Your performance may be improved by setting the Environment variables: export MALLOCMULTIHEAP=true export XLSMPOPTS="spins=0:yields=0". For additional information, see the AIX Performance Management Guide and the XLF Manuals. & DSRIS only uses multiple threads when IPARM(4) = 1 or 2. ¢ The Level 2 Banded BLAS use multiple threads only when the bandwidth is sufficiently large. * Multiple threads are used for the factor or inverse computation. |
The version of the ESSL subroutine you select should agree with the data you are using. ESSL provides a short- and long-precision version of most of its subroutines processing short- and long-precision data, respectively. In a few cases, it also provides an integer version processing integer data or returning just integer data.
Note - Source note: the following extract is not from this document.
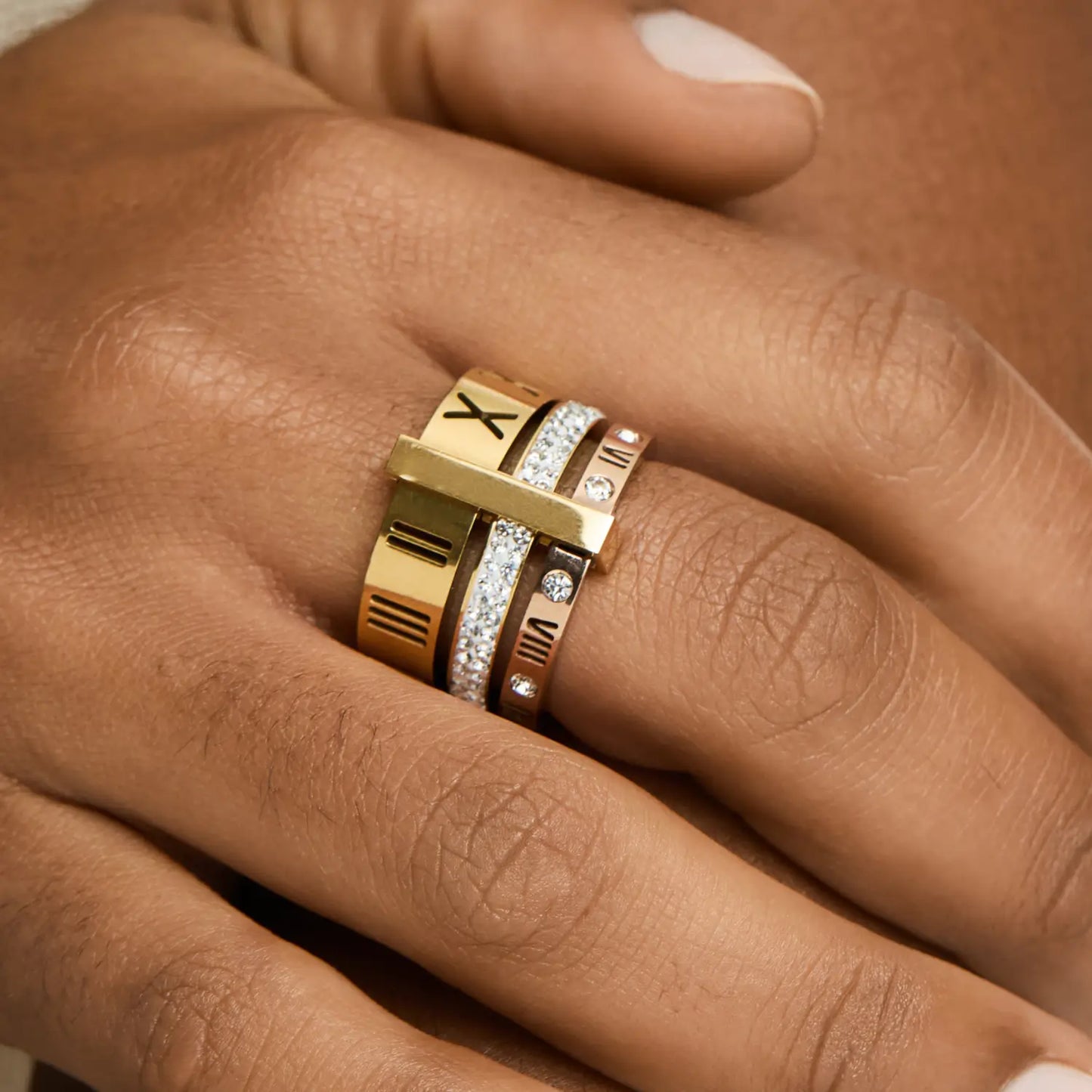 Anel Triplo Banhado em Ouro 18k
The subroutine names are distinguished by a one- or two-letter prefix based on the following letters:
The precision of your data affects the accuracy of your results. This is discussed in Getting the Best Accuracy. For a description of these data types, see How Do You Set Up Your Scalar Data?.
Some subroutines process specific data structures, such as sparse vectors and matrices or dense and banded matrices. In addition, these data structures can be stored using various storage techniques. You should select the proper subroutine on the basis of the type of data structure you have and the storage technique you want to use. If possible, you should use a storage technique that conserves storage and potentially improves performance. For more about storage techniques, see Setting Up Your Data.
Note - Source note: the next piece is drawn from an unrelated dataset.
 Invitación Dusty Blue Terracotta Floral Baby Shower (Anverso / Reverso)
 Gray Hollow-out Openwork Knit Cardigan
ESSL provides variations among some of its subroutines. You should consider performance and accuracy when deciding which subroutine is the best to use. Study the "Function" section in each subroutine description. It helps you understand exactly what each subroutine does, and helps you determine which subroutine is best for you. For example, some subroutines perform multiple computations of a certain type. This might give you better performance than a subroutine that does each computation individually. In other cases, one subroutine may do scaling while another does not. If scaling is not necessary for your data, you get better performance by using the subroutine without scaling.